CBRE research reveals Glasgow office market performance in Q2 2022

Take-up for the Glasgow office market totaled 135,155 square feet in the second quarter of the year, up 9.6% from the second quarter of 2021, showing that the market continues to recover of the impact of the pandemic.

Total year-to-date occupancy is 230,651 square feet, up 16.5% from the same period last year. Additionally, Glasgow’s 12-month rolling average has increased, with 635,685 square feet processed in the past year, representing a 61.88% increase over the previous 12 months.

Glasgow has witnessed two deals in the past three months that have passed the 20,000sqft marker: Ovo Energy taking 33,905sqft in the recently completed Cadworks and serviced office providers WIZU letting 24,350sqft across three floors at 2 West Regent Street. Additionally, there was more activity at ONYX on Bothwell Street with drinks maker Diageo agreeing to lease 12,438 square feet over two floors.

Office supply continues to grow in the city, but best-in-class Class A space remains paramount. Of the 2,895m² of office space currently available on the Glasgow market, only 134,194m² are considered Grade A, representing just 0.59% of Glasgow’s entire office stock.
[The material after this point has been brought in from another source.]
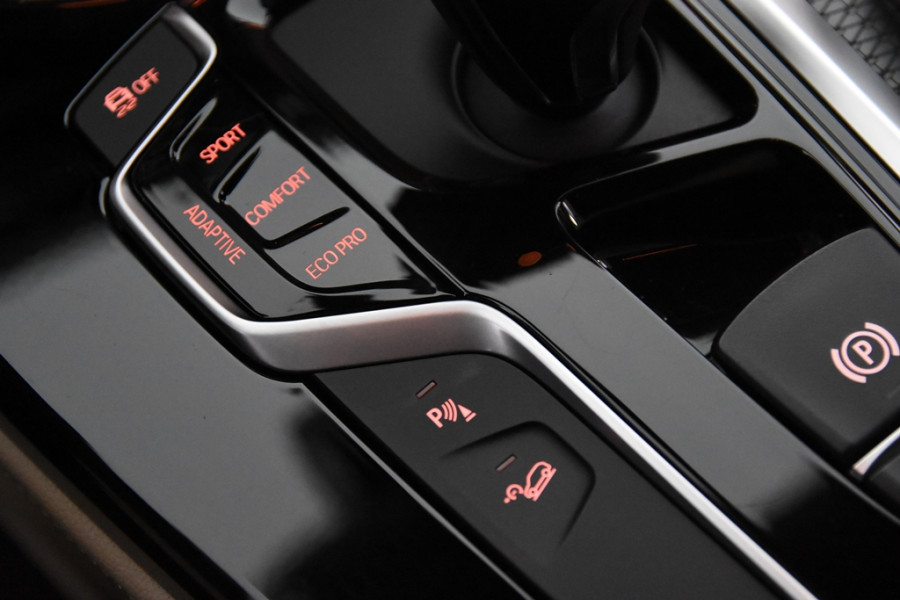 BMW X4 xDrive20i High Executive M-Sport Pakket *Virtual Cockpit*Leer*Keyless*Ambiente*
As occupants continue to seek buildings with strong ESG credentials, much future demand is expected to be for newer Class A spaces. This will result in prime office rents in the city exceeding the current rate of £35.25 per square foot by the end of the year. This positive rental growth will be amplified by the lack of new developments coming off the ground, in addition to the continued rise in construction costs and inflation. However, The Grid, CEG’s historic 277,426 square foot development in Glasgow city centre, is now scheduled for start-up on site as early as August this year and will provide the next phase of the newly built Grade A space. in the city.
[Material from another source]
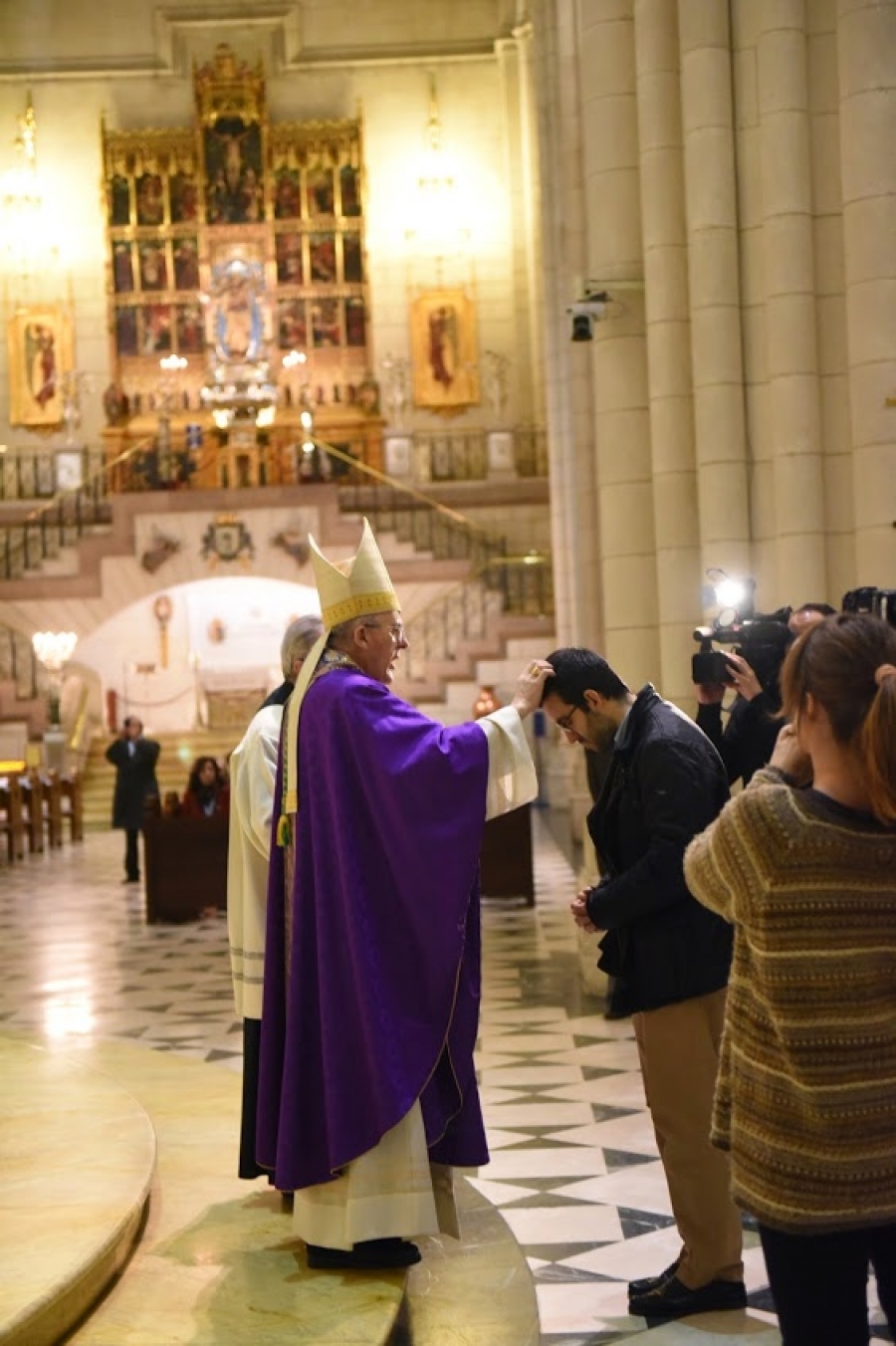 El arzobispo de Madrid preside la Misa del Mi&eacute;rcoles de Ceniza en la catedral de  la Almudena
This pressure on new available stock will inevitably force many occupiers to turn to second-hand space, and we are already seeing many owners investing and renovating their assets in order to appease the demand for modern and sustainable commercial space. Currently, 50 Bothwell Street and 200 Broomielaw are undergoing extensive renovation projects which are expected to be completed before the end of the year. As a result, Class B rents are expected to increase at a faster rate than expected at the start of the year.

Positive rental growth in both the Class A and Class B office markets will be an attractive proposition for investors, and it also underlines how well Glasgow has recovered from the pandemic as it continues to be a profitable market . Shares worth £24.1million have been traded so far this year, with further deals ongoing and a significant amount of capital expected to be traded by the end of the year. Prime net initial yields on Class A offices remain attractive at 5.00%.

Martin Speirs, Associate Director of CBRE in Glasgow, said: “We are entering an interesting period in the Glasgow office market, with Class A supply continuing to decline and demand for prime space remaining. Occupants now understand more than ever the importance of not only having high-quality office space, but also a space that provides their people and their business with the ESG focus that is demanded in the workplace. board level. The war for talent is becoming evident and it is only with attractive and exciting office spaces that occupants will succeed in attracting and retaining their best employees, but also, above all, in encouraging them to return to the workplace.